180. See recently: A magvarság őstörténete. (The Prehistory of the Hungarians). Editor L. Ligeti. Budapest, 1943. 125.

181. See about these wars Budapest története (The History of Budapest), I., pp. 679 ff.

182. See Budapest története (The History of Budapest), I. 177.

183. Tacitus, Hist. I. 79.

184. We discovered this problem with Mihály Párducz and solved it together. Later Aladár Radnóti also added interesting observations in Roman provincial archaeology and numismatics. We gave an account of our results at a meeting of the Régészeti és Mvészettörténeti Társulat (Society for Archaeology and the History of Arts) giving a joint lecture on 26th October, 1946.

185. Laureae Aquincenses, op. cit., II. pp. 321 ff.

186. Párducz already thought of that possibility and dealt with it in some detail, See M. Párducz, Laureae Aquincenses. II., p. 325.

187. See M. Párducz, AÉ 2 (1941) pp. 111 ff. Laureae Aquincenses, II. p. 322 f.
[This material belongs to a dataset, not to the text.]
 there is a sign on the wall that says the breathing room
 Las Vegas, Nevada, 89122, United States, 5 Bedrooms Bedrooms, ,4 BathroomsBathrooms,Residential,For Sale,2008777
188. In the Sarmatian second period we have come across only of short swords. See M. Párducz, Denkmäler der Sarmatenzeit Ungarns. II., II. 77 ff.; Budapest története (The History of Budapest). I. 177.

189. See M. Párducz, Laureae Aquincenses, II. p. 324.


The importance of this fact will only be clear if we consider that among the Sarmatian names of Ammianus, we can find typically Eastern Germanic names, too. Archaeological evidence points to the assumption that the barrow people had already been intermixing for some time with Eastern Germans.

These historical and archaeological data present the following two problems. The Goths pushed the Roxolani out of their seats at the Black Sea and squeezed them into the Roumanian Plain. This event must have gone on for some time and could not have taken place without the two nations influencing each other deeply. The Goths had adopted numerous Iranian cultural elements and obviously absorbed several ethnic features of the Roxolani as well. We might presume similarly that a great cultural and ethnic influence had been exerted by the Goths on the Roxolani. At the time when the Goths led their great attack, the Roxolani had completely vanished from the scene, while history can still trace the rest of the small nations crushed by the Goths, such as e. g. the Bastarnae, the Carpi and others, after this event. The question is, therefore, where and why did the Roxolani vanish.

On the other hand, at the same period such an activity and such an increase in the population, can be observed to have taken place with the Sarmatians of Hungary that is easiest explained by assuming the arrival of newcomers. This assumption is corroborated by a new set of Sarmatian names appearing in the work of Ammianus. In addition Ammianus gave such a description of the Sarmatians of Hungary that does not fit the Iazyges, but is very like the picture we have formed about the Roxolani from other sources. The names known by Ammianus will convince us as well that these Sarmatians had for some time contacts with East Germans and had intermingled with them. Archaeology presents a new ethnic element, too, in the new rite of burial and in the numerical increase of the finds almost to the double number. [190]

Among the archaeological remains we come across a long, claymore like sword which indicates the Roxolani, but other recovered articles clearly show that the newcomers had been intermingled with Eastern Germanic ethnic elements.

190. According to the statistics of the Sarmatian archaeological finds in Hungary the finds are distinguished according to different periode: first period: 30 finds, second period: 50 finds and third period: 105 finds. Kind information by M. Párducz.